February 27, 1986|PAUL DEAN | Times Staff Writer

Year by year, the old soldiers of aviation are fading away.

Of 596 men and women who seven decades ago qualified for an air corps that would call itself the Early Birds of Aviation Inc., only 19 survive.

Henri Fabre, pilot of the world's first seaplane in 1910, died in France last year at the age of 101. That leaves Sir Thomas Sopwith, 98--near-immortal for having outlived his fighter planes and all the World War I aces they created--as the oldest member of the association and the breed.

Forrest Wysong of Laguna Hills is 92 and knows he will be the Early Birds' last president before the office must be assumed by an associate member, a son or daughter, widow or grandchild of a pioneer. At a Baltimore gathering in 1980, only eight original members attended. In Los Angeles last year, the number was less.

Meeting in Seattle

Who knows how many there will be for September's 58th annual reunion in Seattle? One thing, however, is known. The day will come when an associate will rise and move: "That whereas all qualified members of an aeronautical organization formed by those who flew solo before Dec. 17, 1916, have now taken their final flights, it is proposed. . . ."
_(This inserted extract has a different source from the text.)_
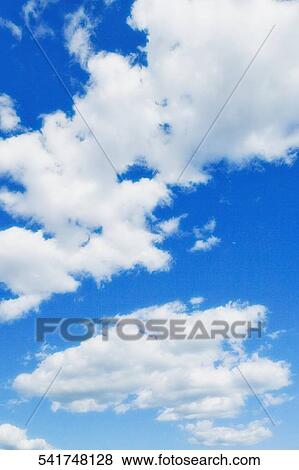 Low angle view of clouds in the sky View Large Photo Image Stock Photo - Low angle view of clouds in the sky. Fotosearch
"And that's when you become a historical group," secretary Jo Lees Cooper said. "That's when we become the Early Birds Historical Society."

Cooper, of Pasadena, is a perfect affiliate, one of 147 associates keeping the group alive. Her late father was Early Bird Walter Lees. Not a household name, perhaps. But he did teach Billy Mitchell how to fly. Now his daughter is making sure that men such as Walter Lees don't become forgotten forerunners, that their histories are written and taped before it's too late, that their reunions are publicized--and that as many of those 19 old-timers as possible attend the final gatherings.

Ironically, Cooper noted that a number don't attend reunions because of the expense of commercial flights. She gets crusty at the implication. "Yet these (Early Birds) are the people who put 'em (airlines) in business. Without these guys, we'd all be traveling by train."

True. The earliest Early Birds were a worldwide brotherhood of men whose names became companies and endowed airplanes. Glenn Curtiss. Glenn Martin. Allan Lockheed.

Some are better known for their feats: Cal Rodgers in 1910 was the first man to fly across the United States, even if his Wright biplane did take 49 days. Louis Bleriot made the first aerial crossing of the English Channel in 1909. Igor Sikorsky in 1939 designed and later built and flew the world's first helicopter.

But maybe there's a greater tribute to the antiquity of the Early Birds in recalling the fliers who were never considered for membership: Charles Lindbergh (first flight: 1922), Wiley Post (1925), Amelia Earhart (1921), Chuck Yeager (1942), Jimmy Doolittle (1917) and Eddie Rickenbacker (1917).

Early Birds must have gone aloft alone by airplane, balloon, glider, or airship before Dec. 17, 1916.

That deadline commemorates the 13th anniversary of the Wright brothers' first powered flight. More important, it predates the United States' entry into World War I by four months.

Military Trains Pilots

And that, sniffed Early Bird organizers, marks the moment when the gentlemanly standing and dare-devilment of aviation became somewhat tainted by the wholesale training of airmen by the military.

So, in 1928, over a happy dinner that involved pilots and aviation writers attending a flight exposition in Chicago, the Early Birds were formed. Membership sprawled worldwide among men and women who had shared a single feeling: "With tears streaming through our leaky goggles, trousers slapping against our spindly legs, we experienced the thrill that only we Early Birds were to experience," said one founding father, Russell Holderman. He died in the '60s.

They also held a common purpose: "To get together and shoot the breeze about how great we were," Dr. Paul Garber said. Garber, 86, also is a Ramsey Fellow and historian emeritus at the Smithsonian Institution's National Air and Space Museum. "I'm the oldest thing around here . . . except the mummy on the third floor."

Garber, like so many Early Birds, soloed beneath a wobbly homemade glider. The ribs were barrel staves. Plans were a mental approximation of an existing design. Mother donated the wing fabric, a dressmaker's bolt of red chintz.

On Aug. 15, 1915, he was towed behind a car into the wind and became airborne not too far from what was then an outskirt of Washington. "I must have got about 50 feet high and I easily cleared some 5-feet-tall trees," Garber said.

"I recently pointed out those trees to somebody and told how I glided over them. They are 75 feet tall now . . . at the corner of California Street and Massachusetts Avenue."